В качестве стержня, на который данный сериал нанизывается, предложен, как это часто с сериалами бывает, образ субъекта. В начальных сериях он задан внутренним напряжением между декларативной инфантильностью (зачин «Я девочка» отсылает к сетевому мему «Я девочка, я не хочу ничего решать») и не менее демонстративной апелляцией к мировой культуре (представленной Аристотелем и апостолом Павлом, то есть в некотором роде двумя её основными координатами).
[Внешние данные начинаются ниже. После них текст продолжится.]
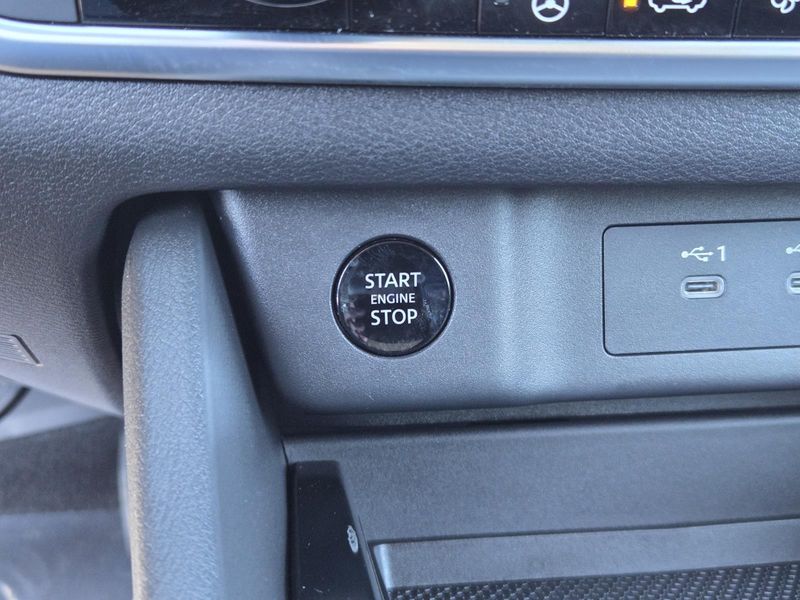 Used 2024 Nissan Rogue FWD SV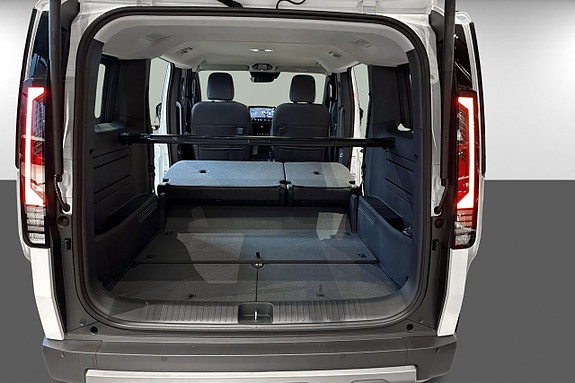 Kia PV5 27 of 28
Невозможность разрешения этого напряжения сфокусирована в параличе именующей способности, ступоре Адама: «Что-нибудь уже назвать, но нет». В оппозицию вещи и имени встраивается, однако, третья сила — тело, и это снятие бинарности тесно связано с передачей права голоса женскому субъекту, отказывающемуся («ничего не хочу решать») от демиургического воления — Ева, заняв место Адама, отдает предпочтение вопрошанию: «Тела вещей не помнят как просила их себя назвать ещё раз». Но вопрошание остаётся безответным, потому что «мы все стали миром», граница между субъектом и объектом теперь бесконечно податлива и изменчива (ср. также «я референт»), новая Ева может выступать только в функции трикстера (вплоть до угона транспортного средства в 35-м эпизоде).
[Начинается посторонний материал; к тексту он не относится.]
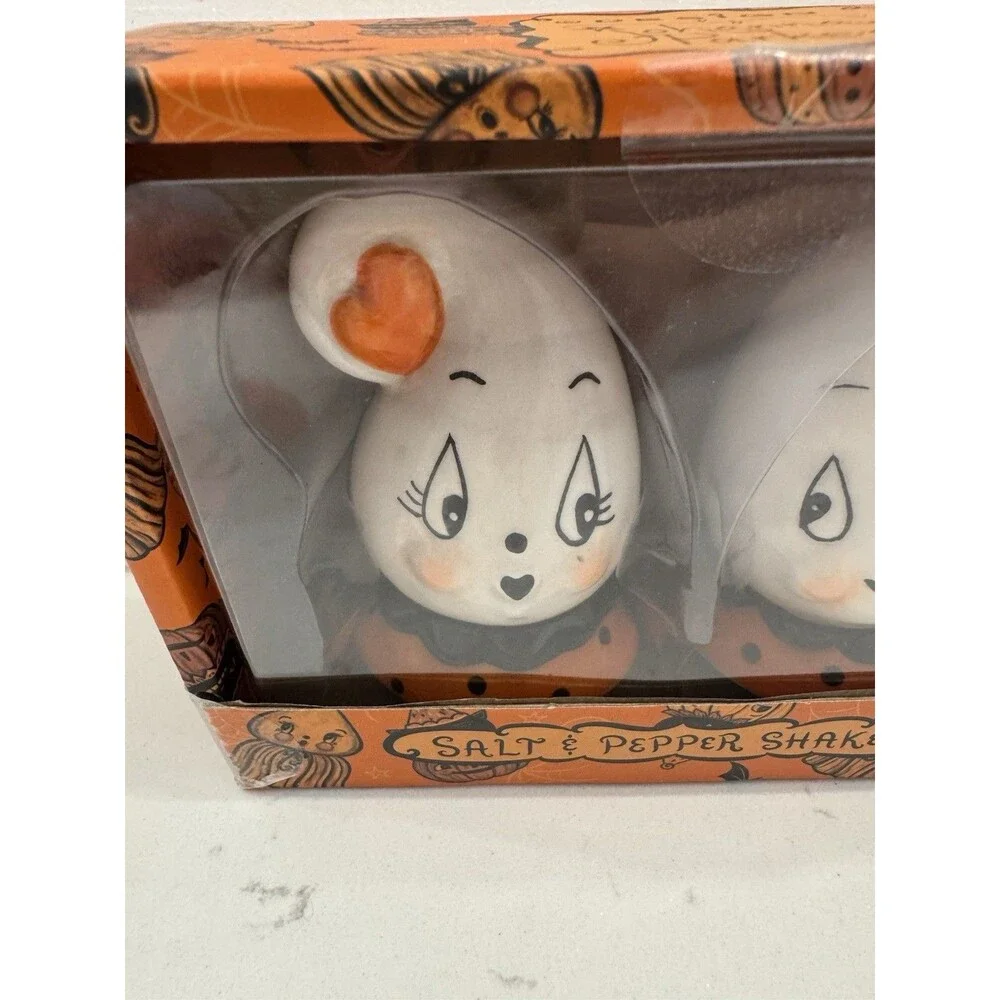 Johanna Parker Ghost Salt and Pepper Shakers Boy Girl Mr Mrs Orange Heart New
Новый субъект у Коблова мозаичен или, если угодно, фасеточен, составлен из множества дискурсивных фрагментов, — принцип фасеточного зрения в разных преломлениях опробован в новейшей русской поэзии такими авторами, как Ника Скандиака и Арсений Ровинский, однако Коблов и просодически, и конструктивно проходит примерно посредине между этими двумя полюсами. Одна из показательных черт этого зрения — характер интертекста: он, за немногими исключениями, доведён до молекулярного состояния. Пространство языка заполнено без остатка корпускулами чужой речи — и маркированность некоторых из них оказывается практически нерелевантной: да, конструкция «я так сепаратист» представляет собой трансформ известного русского стихотворения Рильке («я так один» — заимствован не только аграмматизм, но и сема обособления, отделения, реализованная в неожиданно вошедшем за последние полтора года в активный словарь интернационализме «сепаратист»), а конструкция «день стоял про отсутствие» опирается на мандельштамовское «день стоял о пяти головах» (превращение «о», благодаря полисемии предлога, в «про» — само по себе изящный кульбит), однако это, по видимости, никак не меняет функцию соответствующих синтагм в данном тексте; характерно перечисление в последнем на сегодняшний день 40-м эпизоде: «нет никаких “приходят и говорят”, “сквозь меня”, “вырыто из земли”» — где третья синтагма вновь мандельштамовская («Нашедший подкову»), а первые две не могут быть однозначно атрибутированы. Всякое слово Коблова предположительно чужое — и в этом он опирается на опыт концептуализма; но вместо концептуалистской критики дискурса и последовавшей на рубеже 1990—2000-х постконцептуалистской критики критики (настаивавшей на том, что из чужих слов складывается своё, личностно фундированное высказывание) Коблов предлагает снятие оппозиции своего и чужого: опыт, не лишенный дерзости и чреватый дальнейшими открытиями.

 

Фрагмент номинируемой на премию подборки: 

 

Стихи (29)

 

Хочется взять в руки рассыпчатого ежа

И крепко прижать к себе, может

Лечь на него сверху, до самой его

Пропажи в воздухе груди, хочется естественно,

Как дышать. Я видела своё полотно тентом,

Растянутым над кратером моего желания, это

В форме летних кафе того времени,

Когда приветливые одушевлённые колючие солнца

Сходили со сцены в зал и катились мимо рядов

Со мной. В смысле: рядов со мной. Исполнение

Слова призывает очередное, ищу ежа, сжимая

В рыщущих руках остатки жеста: замороженная форель разбивает

Многократно себя, растаяв выпущенные объятия мои, и

Мой моментальный вскрик не может вздёрнуть ни единый звук.